Here’s another look at a finished bar. Precision does not necessarily mean tiny. 


Posted by: Russ Willcutt 13. June 2016

Making the Cut

Recent years have seen the development of multipurpose cutoff tools that are able to perform as grooving, turning and profiling tools, giving manufacturers the ability to simplify setups and shorten production cycles.

From hand-ground bits to high-speed steel blades to indexable carbide inserts, cutoff tool technology has continued to improve over the years, increasing metalcutting efficiency and lowering operational expenses. A big step in that evolution came with the development in recent years of multipurpose cutoff tools that are able to perform as grooving, turning and profiling tools, giving manufacturers the ability to simplify setups and shorten production cycles, and in some cases, keep fewer tools in the crib.

A case in point is EMC Precision, a precision machining job shop headquartered in Elyria, Ohio. Since 1925, the company has provided prototype to production machining and value-added services to a range of industries including fluid management, hydraulic fluid and power, automotive, recreational, and other OEMs. Ian Dotson, manufacturing engineer at EMC’s facility in Sheridan, Indiana, says he was happy with the tool life and performance of his existing cutoff solution, and was only looking for a reduction in his tooling costs when he called his local Kennametal distributor.

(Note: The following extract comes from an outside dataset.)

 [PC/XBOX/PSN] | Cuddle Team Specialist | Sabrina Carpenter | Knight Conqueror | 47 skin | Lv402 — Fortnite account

It was then he learned about Kennametal’s Beyond Evolution, a single-sided grooving and cutoff system with multidirectional turning capability, through-tool coolant, chip control, and “Triple V” secure seating geometry.

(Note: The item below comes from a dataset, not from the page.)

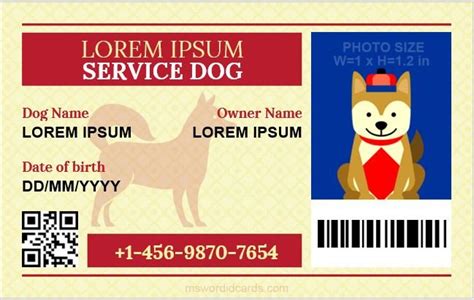 Service Dog ID Card Templates | Download Edit & Print Card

“We were using a 0.118-inch wide PVD-coated insert to cut off 0.75-inch diameter 4140 steel hydraulic actuators,” he says. “We swapped out the old tool for a Kennametal Beyond Evolution cutoff and kept the feeds and speeds the same. After several runs we determined tool life was essentially identical, so from a performance perspective there was no difference, at least not on this job. But the Beyond Evolution inserts are dramatically less expensive, roughly 40 percent of what we were paying for our legacy tools, so it was a clear win for us.”

The next win came on a job Mr. Dotson was running on one of EMC’s CNC lathes; a transmission gear shaft made of 1-1/4 inch 8620 steel and using a 0.236-inch wide tool to back turn a journal on the left side of the part prior to cutoff. In this application, insert cost was still a concern, but Dotson’s primary goal was tool life improvement.

“The lathe isn’t equipped with high pressure cutting fluid, and the standard pump was unable to generate enough pressure for us to utilize coolant through the tool on our old cutoff system,” he explains. “Because of this, we’ve been stuck with flood coolant, and have always had some chip control issues as a result—the chip would roll back on itself and starve the cutting edge of coolant.”

Despite the less than optimal cutting conditions, the Beyond Evolution performed beyond expectations. “We achieved very good results,” Mr. Dotson says. “This time, we increased the cutting speed a bit, from 350 to 400 sfm, and bumped up the feed rates by about 30 percent. Even so, tool life increased threefold, to just over 2,600 pieces per insert. I’m confident we could have cranked up the feeds and speeds even more, especially if we had plumbed the tool for coolant through, but there was no need. This operation supplies another machine, and that one was already running as fast as it could go. The big thing for us was getting more parts between tool changes, and that’s exactly what the Beyond Evolution did.”

Specially designed coolant delivery channels in the Beyond Evolution system separate and direct cutting fluid to where it’s needed most: underneath the chip and into the work area.